How did we serve more than 20,000 IPython notebooks for Nature readers?



The IPython/Jupyter notebook is a wonderful environment for computations, prose, plots, and interactive widgets that you can share with collaborators. People use the notebook all over the place across many varied languages. It gets used by data scientists, researchers, analysts, developers, and people in between.
As I alluded to in a writeup on Instant Temporary Notebooks, we, a combination of IPython/Jupyter and Rackspace, were prepping for a big demo as part of a Nature article on IPython Notebooks by Helen Shen. The impetus behind the demo was to show off the IPython notebook to readers in an interactive format. What better way than to provide a live notebook server to readers on demand?
To do this, we created a temporary notebook service in collaboration with the IPython/Jupyter team.
How does this temporary notebook service work?
tmpnb is a service that spawns new notebook servers, backed by Docker, for each user. Everyone gets their own sandbox to play in, assigned a unique path.

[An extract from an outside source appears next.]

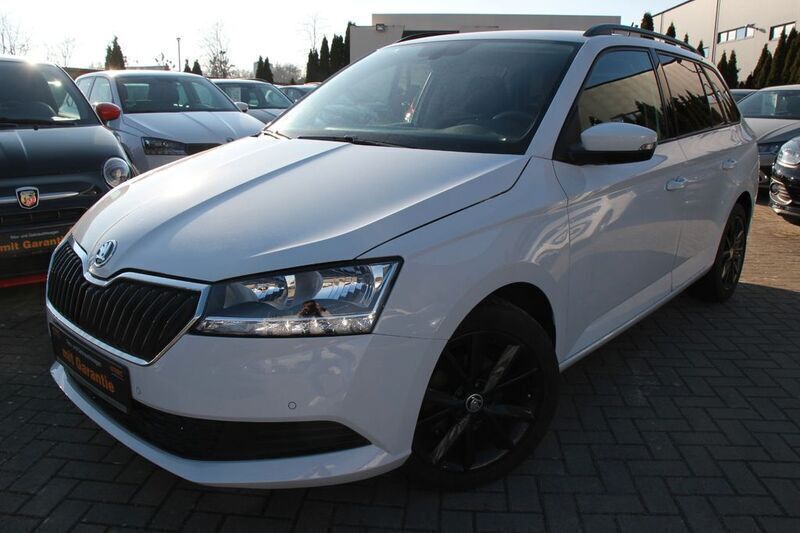 Gebraucht Skoda Fabia Ambition 95 PS (69 kW) 2022 Weiß Kleinwagen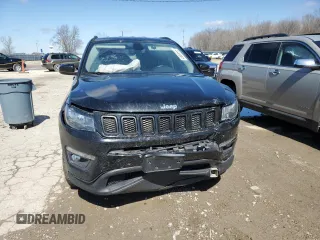 2019 Jeep Compass Latitude with VIN 3C4NJDBB7KT847886, listed as a Copart auction lot 49883665 with 162,470 mi miles and Salvage title. Bid and sale history available at DreamBid. Image 5.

When a user visits a tmpnb, they are actually hitting an HTTP proxy which routes initial traffic to tmpnb's orchestrator. From here a new user container is set up and a new route, for example /user/fX104pghHEha/tree, is assigned on the proxy.
Planning the Notebook Demo
When Brian Granger from Cal Poly and Richard Van Noorden from Nature asked for a demo, it was quite open what that could mean. Do we have people log in to a JupyterHub installation? Refer them to Wakari or SageMathCloud?
The goal Richard stated was to provide at most 150 concurrent users. In the back of our minds, we in the IPython/Jupyter project knew the initial spike in traffic would be far greater and we should be able to handle the load.
I was incredibly lucky to teach at and attend the incredible and crazy event that is the Mozilla Festival. Richard Van Noorden from Nature was in attendance, as were my colleagues from the IPython community including Matthias Bussonnier, Aron Ahmadia, and Jeramia Ory. While we were all in one place we swarmed Richard with ideas about what should be in the notebook Nature readers got to interact with. After the iterations there, pretty soon we had more collaboration from David Ketcheson, a researcher at KAUST, Stefan van der Walt, a scikit-image lead, and others.
You can tell this is a community with a lot of passion and aligned around a common format that has helped propel their research.
The other crazy benefit about being in London was that I got to go to the Nature offices to talk about the architecture backing the demo and make plans for operations. Chris Ryan, art editor at Nature, would put an iframe as part of the article, expanding it into a lightbox for users when they clicked. For us, this just meant providing one URL they could rely on for content, as well as adjusting CSP or X-Frame restrictions.
Kicking the Nature Notebooks into Operation
On the day of launch, we watched as the notebooks started getting gobbled up and recycled.
After some smooth sailing, we watched as it ticked toward our 512 user mark. After reading comments on various social media sites, we decided to kick it up a notch and allow for thousands of concurrent users while the demo was live.
This bit us in a couple ways. In order to scale across hosts we would need to put the proxy and tmpnb in front of multiple Docker hosts. This was before Docker Swarm. Trying to swap largely untested pieces out from underneath production while dealing with proxy issues did not sound ideal. Instead, Min RK quickly whipped up the tmpnb-redirector, which uses the /stats endpoint to redirect users to new servers. This made rotating old nodes out easy as well.

Closing Up
In the end we ended up serving more than 20,000 notebook servers and counting.
We love IPython notebooks, the overall architecture that has been built out here, and hope to keep supporting open-source projects doing interesting things on the internet in a way that benefits community, technology, and the whole ecosystem.